Top curiosities and affinities between Romania and other states - part II

How many times have I not read phrases that sound like this: "Top 10 interesting things about Romania" or "Top 10 inventions ..." or "Top 38 things to look for / curiosities ..."?

Honestly, I find clichés that do not satisfy our sincere pursuit of the traits that stand out, resemble or distinguish us from other nations.

Why? First of all, in Part I of the series of articles on affinities and differences between peoples, I wrote that we live in a world connected to the maximum, where there is no place for half-asserted statements, such as: "We are the most ... "" We have the largest ... "," Top Romanian inventors ... ".

The first reason why I think these are half statements or half truths is that the people you would say this to are no longer so passive, careless, obedient to listening. Some are, some are not. What do you do when you come across a listener who asks you questions like, "But who is second in this top?" Or "Who was that inventor inspired by?" Or "Are you really the first one at all?". What do you do when the man does not listen to you, because you focus on tops and absolutisms, without any reference to other personalities / goals / countries?

Actually, I wanted to get here. To keep the interlocutor attentive, it is very important that the charts and absolutisms be accompanied by comparisons because he almost certainly has heard of those personalities / goals / historical moments, and the mere mention of them is not satisfactory.

Do you want to be happy? Stop comparing yourself to others! ☺

Do you want someone to listen to you when you talk about tourism, about your country, about fine things? Make comparisons!

And now ... let's get to work! I admit, I also put an attractive title, to better index on Google. Maybe that's how this article will be found. ☺


Top 3 curiosities, affinities and comparisons between Romania and other states

1. The Romanian language is about 1700 years old, as it is written in various specialized works. It is, but the statement must be accompanied by several remarks. The ethnogenesis of Romanians appears as having 3 fundamental components: the Geto-Dac substrate, the Roman layer, the Slavic abstract. This ethnogenesis through which the people and the language was formed had roughly the same phases as the ethnogenesis of the Italians, the French, the Spaniards, the Portuguese. For example, in French there was the Celtic-Gallic substrate, the Roman layer and the Germanic substrate (francs).

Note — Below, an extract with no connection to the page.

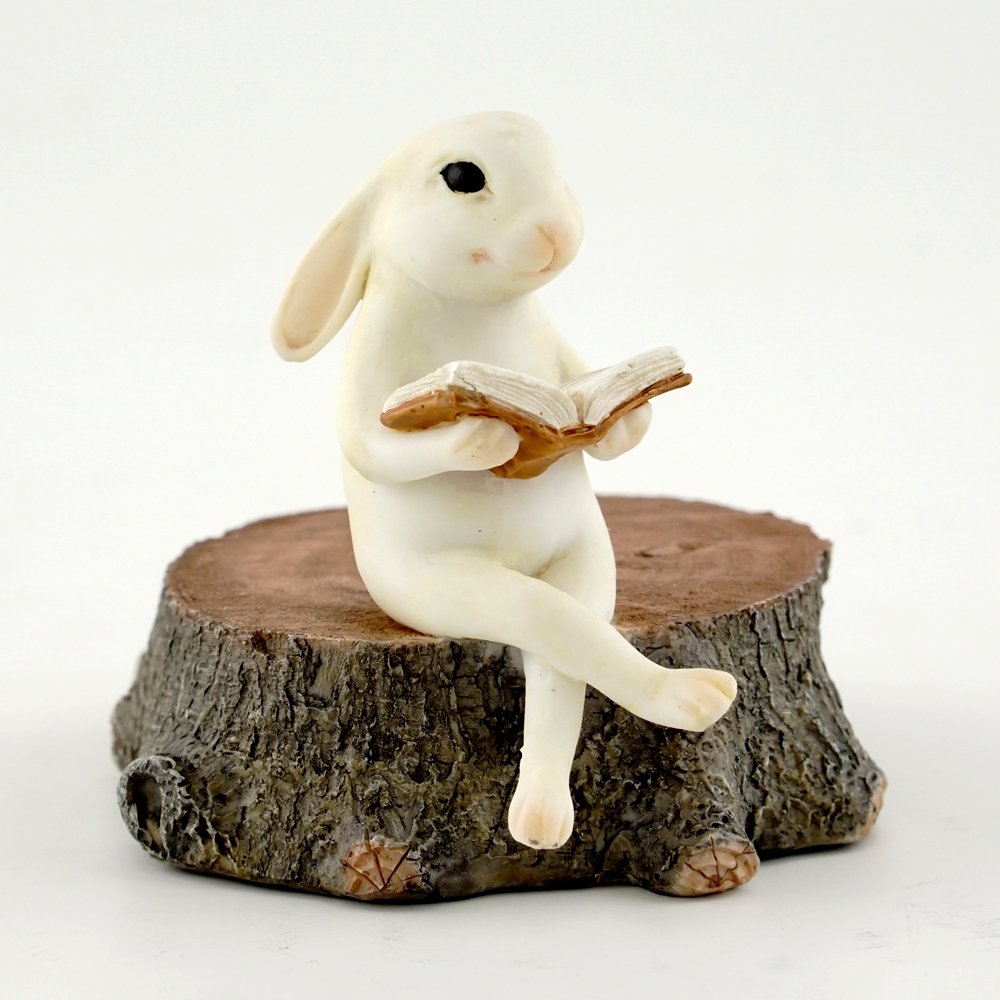 Top Collection bunny reading on stump ivory for indoor fairy garden decor.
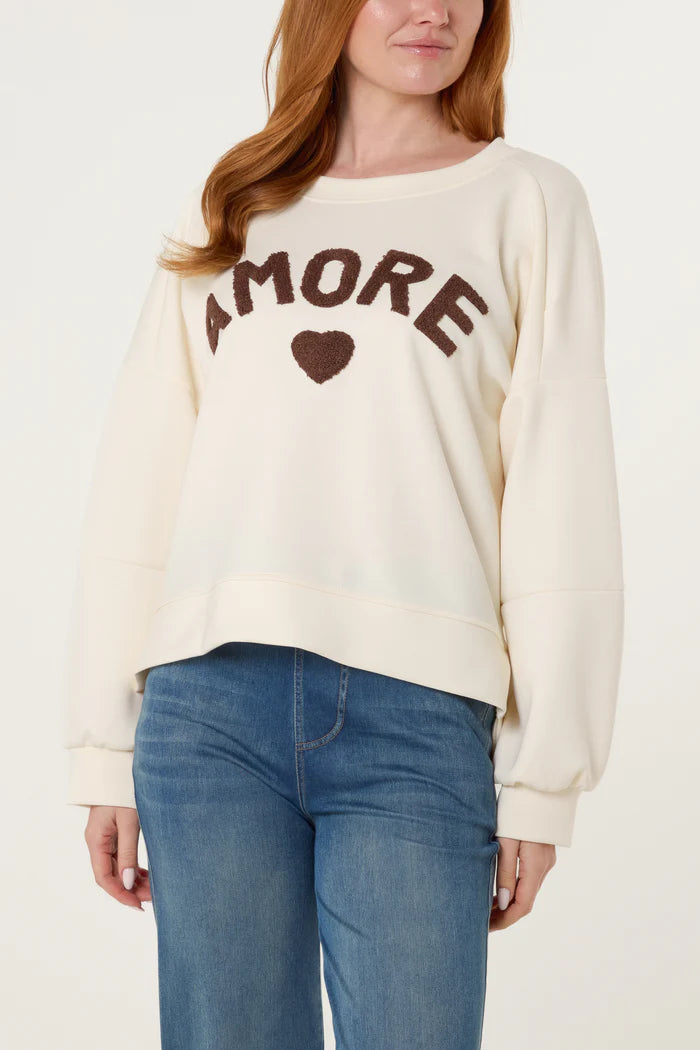 AMORE HIGH LOW SWEATSHIRT CREAM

Unlike the name of Romania, which comes from the Romanians, the name France comes from the lineage of the Franks, of Germanic origin, although France is a Latin country. Moreover, these explanations are interesting even to Englishmen and Americans, who are English speakers. Why do I say that? Because 60% of the English vocabulary is of Latin origin (the ratio is about 70% in us), ethnogenesis is occurring at about the same time as ours. But today, the verbal system (the strongest feature of a language) is of English origin, which gives it the status of German.

2. Romania is the only people of Latin origin in Eastern Europe. We are an island of latinity surrounded by a great deal of Slavism. However, it is worth mentioning that the origin of the name Romania comes from the name given to the ancient Roman possessions on the outskirts of the empire. Some historians believe that (and I find the explanation plausible) in the Roman Empire there were several "romagnes", that is, margins of the empire. From the time of Emperor Trajan to the retreat commanded by Marcus Aurelius, here was the periphery of the empire. Thus, only this area was preserved in time the name of Romagne = Romania, although Portugal, England and other countries were also borders of the empire.

3. Romanian humanism appeared relatively late, in the seventeenth century and was the consequence of the extension of the classical humanism that appeared in the fifteenth century in the west. The explanation for this fact is given both by the emergence of the foreign Ottoman Empire, by the development in tandem with the rigors of the west, as well as the influence of the Eastern church, having some different opinions in relation to the values ​​promoted at that time in the West. The adoption of humanism was in the west a revolt of cities against the feudal system, so a phenomenon of the ascension of the bourgeoisie, while within the Ottoman Empire it could have produced a change of the autonomous status of the Romanian countries in relation to the empire. Among the personalities, we list the ruler Petru Cercel schooled in the West (who was a "trendsetter" of the time - he brought some morals in the country, including wearing the earring), Nicolaus Olahus (vlahul), Constantin Cantacuzino (he was passionate traveler and the first Romanian geographer, making the first map of the Romanian Countries), Grigore Ureche, Miron Costin, Nicolae Milescu (a kind of Marco Polo of Romania - arrived in China), Dimitrie Cantemir (represents the synthesis of East and West, used the culture his oriental to access the values ​​of Western Europe; not coincidentally, he is the first Romanian named member of the Berlin Academy in 1714 and was contemporary with Johann Sebastian Bach, and he also made an in-depth study of oriental music).

These were traits related to the spirituality and formation of the Romanian people. In Part III I will return with other curiosities and affinities between Romania and other states that will help you to present yourself with dignity, without excessive zeal, but not with humility / false humility in front of those who want to know you or know their roots.